So, how do you make a polyphonic synthesizer? The utopian answer might be to copy+paste your Minimoog voice circuitry to match the number of available keys, et voila! You have a polyphonic synthesizer. Of course, in the real world, the question was: how do you make a polyphonic synthesizer that a) is reasonably small, and b) won't bankrupt you. Sadly, our hypothetical copy+paste Minimoog monstrosity, while awesome in my imagination, fits neither of these criteria. So instead, designers looked for alternative methods.

And as such, in the early days of analog keyboard synths, three primary alternative approaches came about: one method which uniquely leveraged monosynths' internal resources, one method that messed with the note:articulative structure ratio, and one method which required diving into the world of digital control.

Approach 1: Duophony

The concept of the duophonic keyboard synth came about in the late 1960s/early 1970s, famously part of Moog's 952 keyboard, ARP's Odyssey, Octave's The CAT, and others. Typically, instruments capable of duophony were primarily monophonic—they contained a set of oscillators which were mixed together and had a single articulative structure.

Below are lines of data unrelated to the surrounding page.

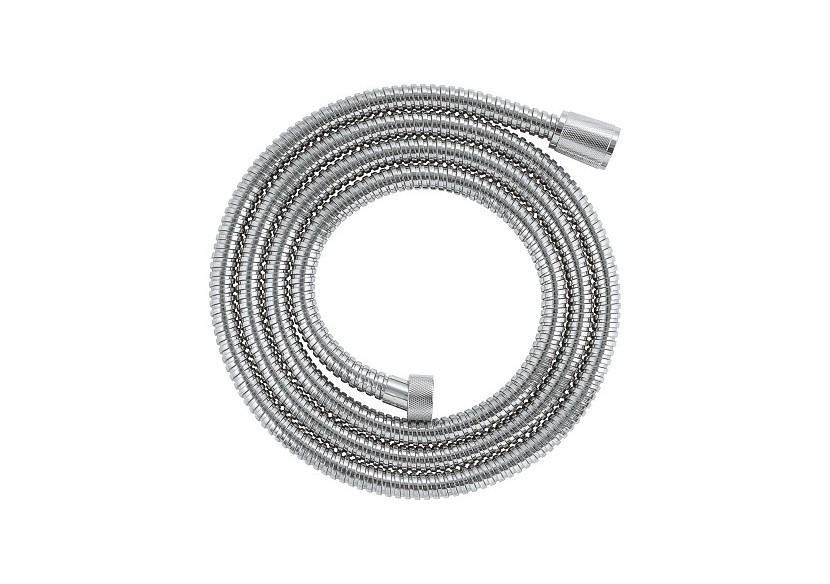 Relexaflex metal flexible de douche en métal Chromé - 28140001 - Grohe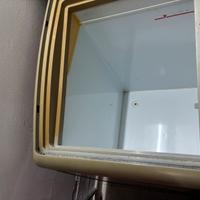 Congelatore/frigorifero gelati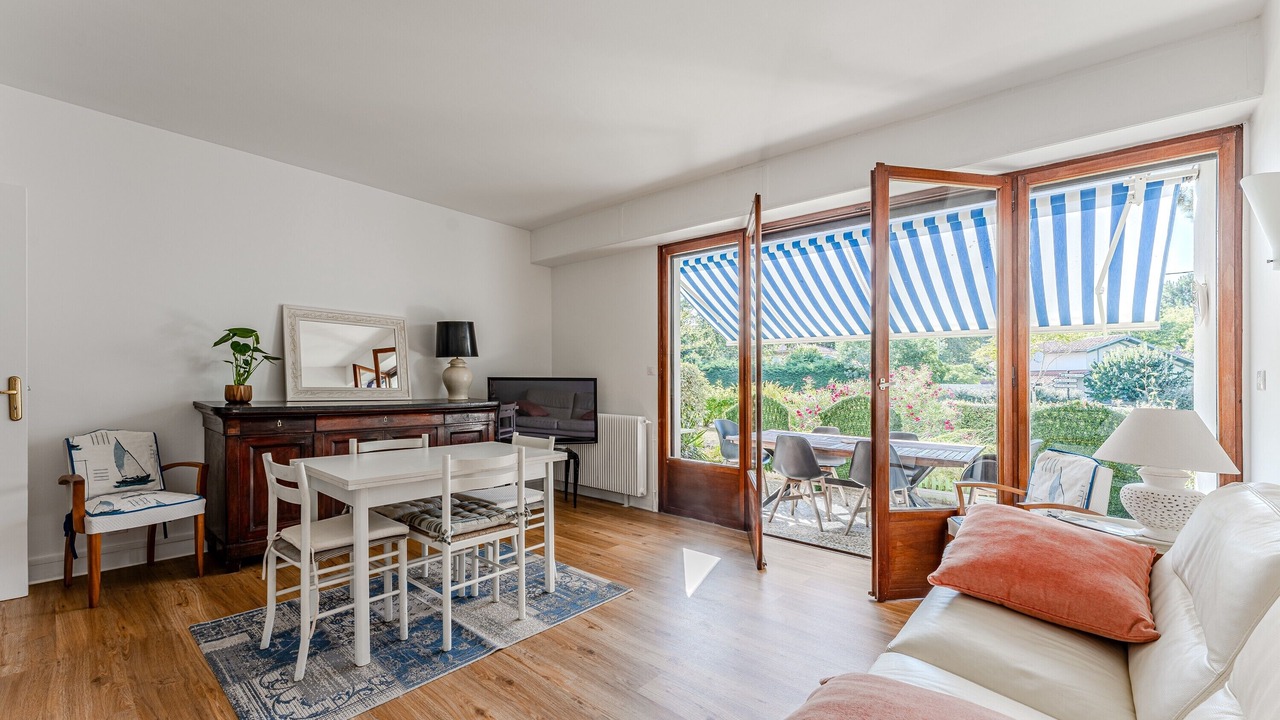 Photo of Livingroom in Arcachon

They offered (by flipping a switch or by applying patch cables), though, the ability to produce two note CV signals from the keyboard, which could then be directed to separate oscillators.

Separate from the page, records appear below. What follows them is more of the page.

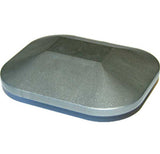 Eco Fencing Composite Classic Cap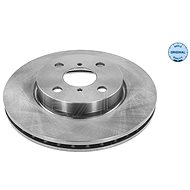 MEYLE Front Brake Disc - Brake Disc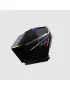 Boitier M.RED Stealth Fighter Noir ARGB M.RED - 7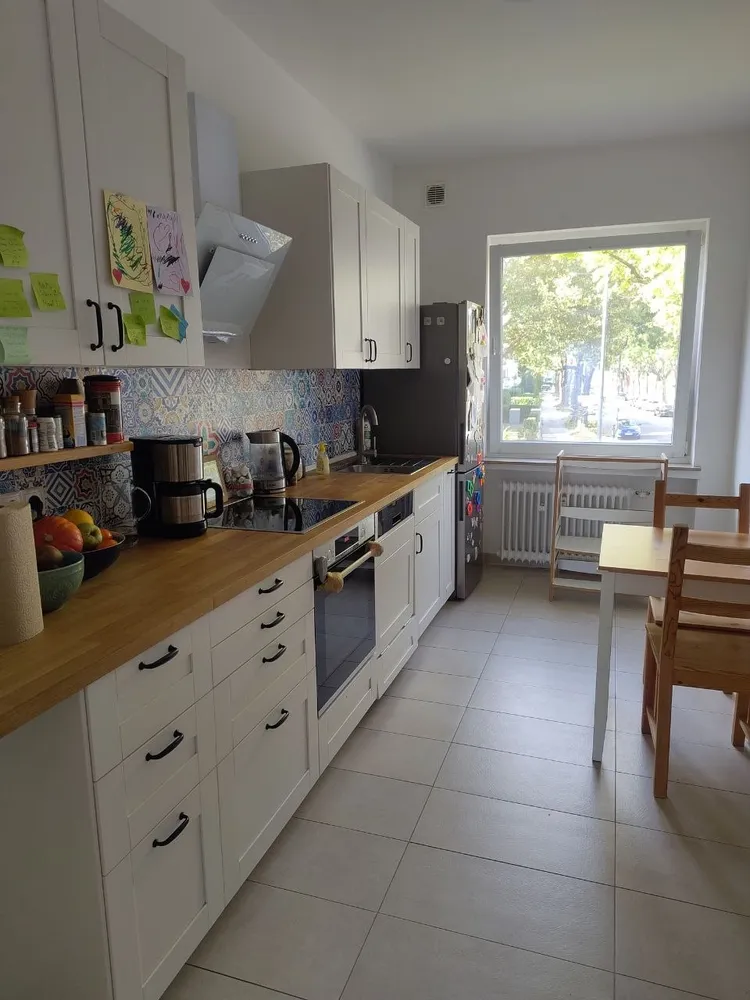 3 Zimmer Wohnung mit 85 m² in Dortmund – Bild 11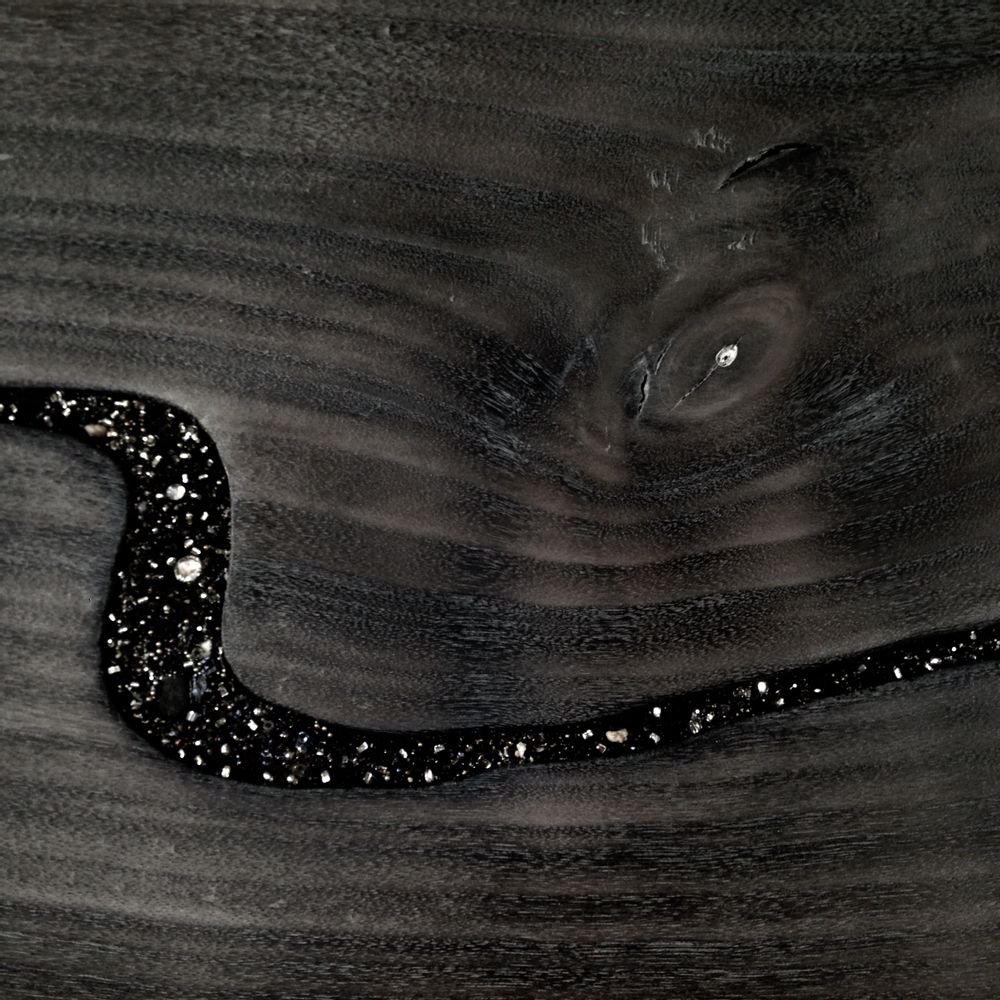 Unique pieces - LUNA - SUZANNE RIPPE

This worked by using a combination low-note/high-note priority keyboard. The ARP Odyssey, for instance, has two oscillators. If you play a single note on the keyboard, the same CV is applied to each oscillator, and each oscillator tracks together, as you'd expect! When you play two notes at once, though, a CV produced from the lower key goes to one oscillator and a CV from the higher key goes to the other—allowing you to play two notes at a time. Of course, these oscillators share the same articulative structure; they still get mixed together and share the same filter, amp, and envelopes. More on this later...

Duophony was a simple, succinct, and effective way to quell some of the general thirst surrounding polyphony, and many designers adapted their instruments or built new instruments entirely to take advantage of the concept. Early keyboards for the ARP 2600, for instance, didn't include this feature, but the later model 3620 keyboard did—and of course, duophony was one of the primary selling points for Octave's The CAT. But of course, at the end of the day, two notes are still just two notes, and a single articulative structure is still a single articulative structure...so this novel approach to instrument design was not an exact solution to musicians' demand.

Approach 2: Mess with that Note Count : Articulative Structure Ratio

Another solution was inspired in part by technology from the older Hammond Novachord. The Novachord was, for all intents and purposes, a fully polyphonic instrument in the manner of a piano or organ...one which used tube-based oscillators for sound generation. Now you might be thinking...that's a lot of keys—are there really tube oscillators for each one? Well, no, not exactly.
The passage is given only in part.